In the Navy we were trained to fight fuel based fires in metal boxes (ships) and believe me it is not something you want to experience , .

I'd choose a wood burner any day of the week , and plan to fit one soon as possible, my van (Master 2003) has a Diesel Erbespacher unit which uses an electric fan ,in the winter this is hard on the battery,a wood burner uses no battery , is comforting,natural , and one can find fuel all over the place.


----------



## FULL TIMER (Jul 23, 2016)

this fellow is well known on another forum I use The Fireweaver - Home he know's his stuff apparently he not only fit's the stoves he makes them too


----------



## Deleted member 53880 (Jul 23, 2016)

hi, a woodburner is great if you are plotted up for longer periods in a larger vehicle,but a renault master is maybe a tad to small for the fuel storage,raking out and disposing of the ashes etc,
also please dont park near any other vehicles or in areas where the smoke from badly burning fuel will seriously affect the ambience of a nice spot.
i have found insulation works very well,all the best.jan


----------



## Sky (Jul 23, 2016)

They're great if you're on your own.

I've had to move on several occasions because people have smoked me out with the damned things.

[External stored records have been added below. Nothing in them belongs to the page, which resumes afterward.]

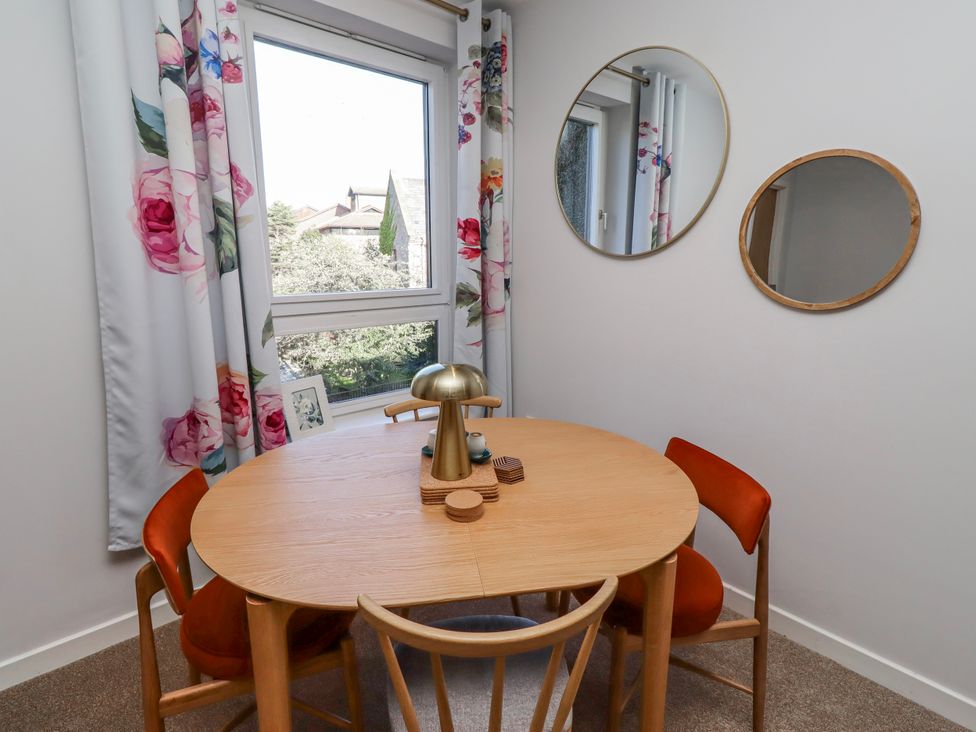 A dining room with a round table and chairs at Amber Rose in Berwick-Upon-Tweed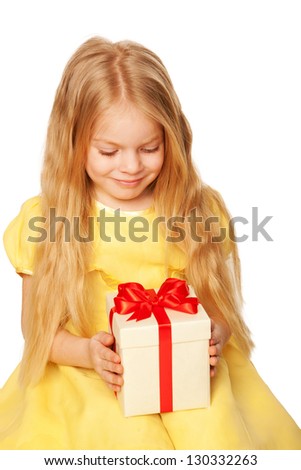 Pretty little girl enjoying gift. Festive concept. Isolated on white background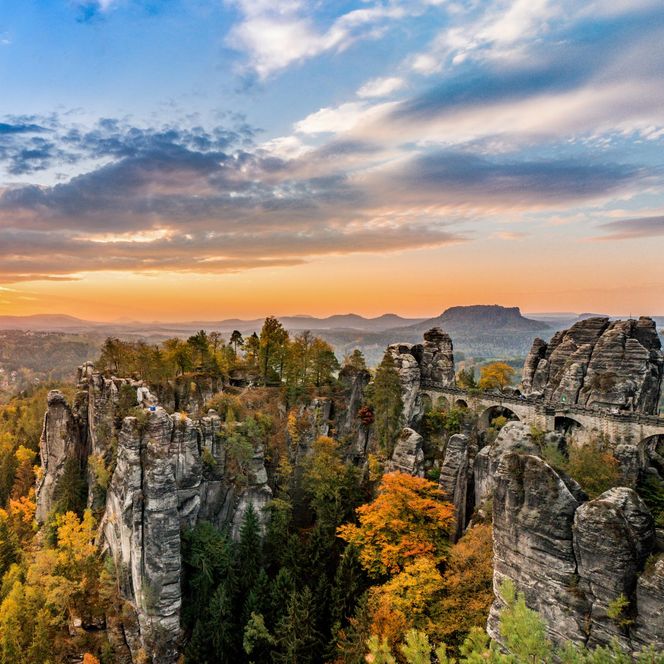 Sonnenuntergang über einer felsigen Landschaft mit Bäumen und weitem Blick ins Tal.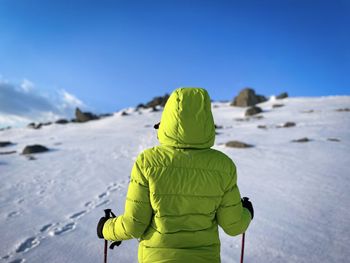 Rear view of woman wearing green hooded winter coat hiking alone in the mountains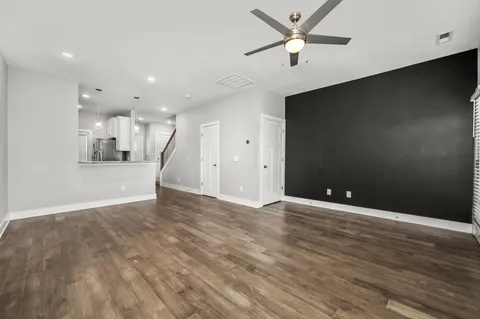 a view of a kitchen and an empty room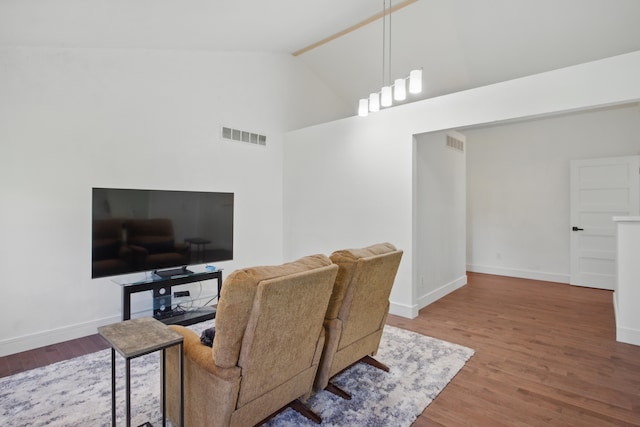 454 Woodland Dr, Saline, MI 48176 - living area featuring wood finished floors, baseboards, and high vaulted ceiling
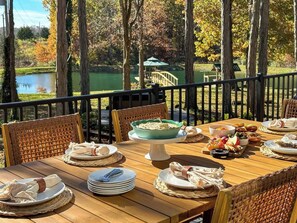 Una mesa de comedor de madera al aire libre con sillas, platos, tazones y vista a un lago y árboles.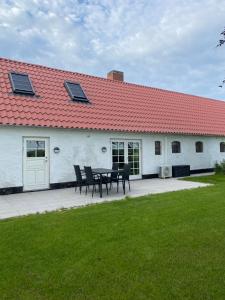 a table and chairs in front of a building with a red roof at Uggerhøjvej Gårdhygge in Hjørring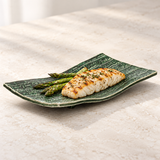 Green ridged rectangular ceramic plate with grilled fish and asparagus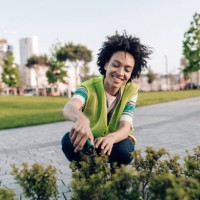 portrait of a female city gardener taking care of the park plants - garden decoration stock pictures, royalty-free photos & images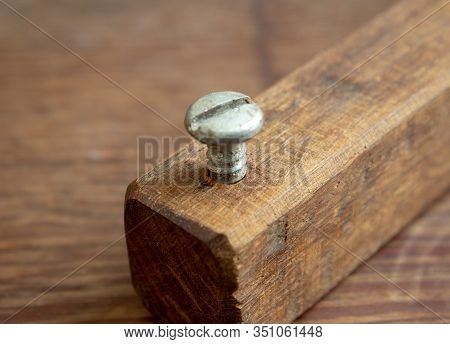 Wood Crafted Handmade Bottlecap Opener For Beer Bottles Built With A Piece Of Wood And A Metal Screw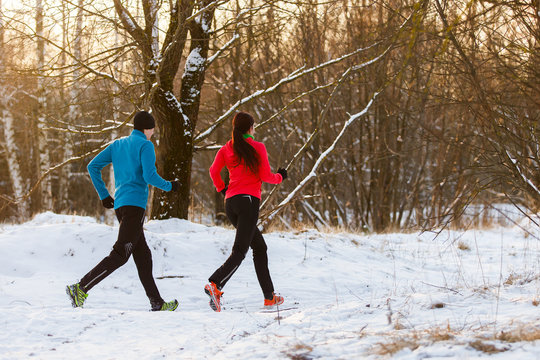 Picture from back of sports man and woman on morning run in winter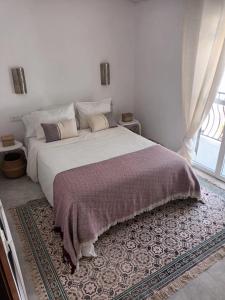 een slaapkamer met een groot bed en een raam bij NUEVA NERJA Pueblo Andaluz Casa Grafton in Nerja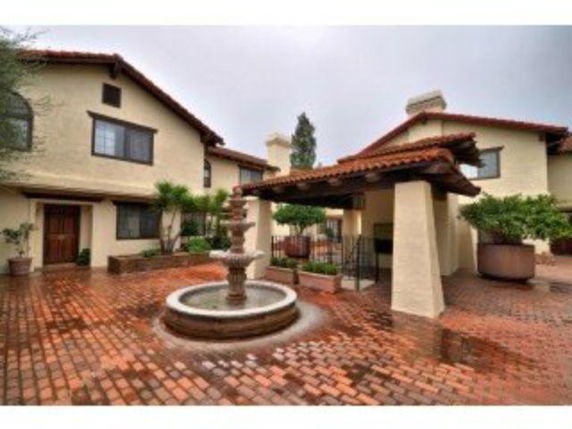 Front view of a residential building with a central fountain.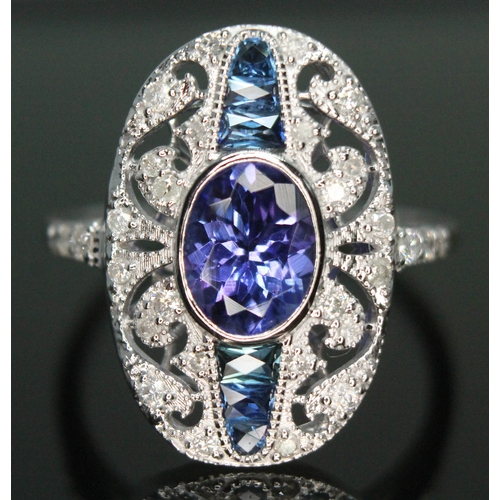 141 - A tanzanite, sapphire and diamond cluster ring, the central oval cut and bezel set tanzanite approx....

Gas is far better IMO. :ninja:


----------



## kevinp (Jul 23, 2016)

We have a Renault master with a wood burner in it




Never had a problem with putting the fire out you just need to close the vent, there is also no need to rake out the ash if you use seasoned wood there is very little waste, I probably rake out the stove twice a year and we use the stove a lot in winter. 


this is where ours came from  Champion Stove Company


----------



## Fazerloz (Jul 23, 2016)

Not for me I couldn't be arsed with the mess and the constant buggering about with it. One minute the are doing nothing and the next the are like the "China Syndrome" on total meltdown. I will stick to gas, but each to their own.


----------



## witzend (Jul 23, 2016)

*Me Too*



Fazerloz said:


> Not for me I couldn't be arsed with the mess and the constant buggering about with it. One minute the are doing nothing and the next the are like the "China Syndrome" on total meltdown. I will stick to gas, but each to their own.



My thoughts also but when their burning dry wood they smell quite good. But I do worry about any sparks landing on my roof


----------



## Robmac (Jul 24, 2016)

witzend said:


> My thoughts also but when their burning dry wood they smell quite good. But I do worry about any sparks landing on my roof



I've used woodburners in tents before. You can fit a spark arrestor fitted to the chimney to prevent damage.


----------



## alcam (Jul 24, 2016)

n brown said:


> you can still buy a clever little standby for lighting in Portugal,so probably in Spain too,that is a little metal tab on a piece of cork,and a load of small waxed wicks about 25mm long.
> you part fill a glass with water,then top up with any oil you have,olive,veg ,chipfat,whatever.
> then you put a wick through the centre hole in the metal,float it on the oil and light the wick. this will burn for hours,and you just keep topping up the oil
> if it gets knocked over,hopefully the water puts out the flame ! we used these all the time before solar panels



How do you connect them to your LB ?


----------



## n brown (Jul 24, 2016)

Robmac said:


> I've used woodburners in tents before. You can fit a spark arrestor fitted to the chimney to prevent damage.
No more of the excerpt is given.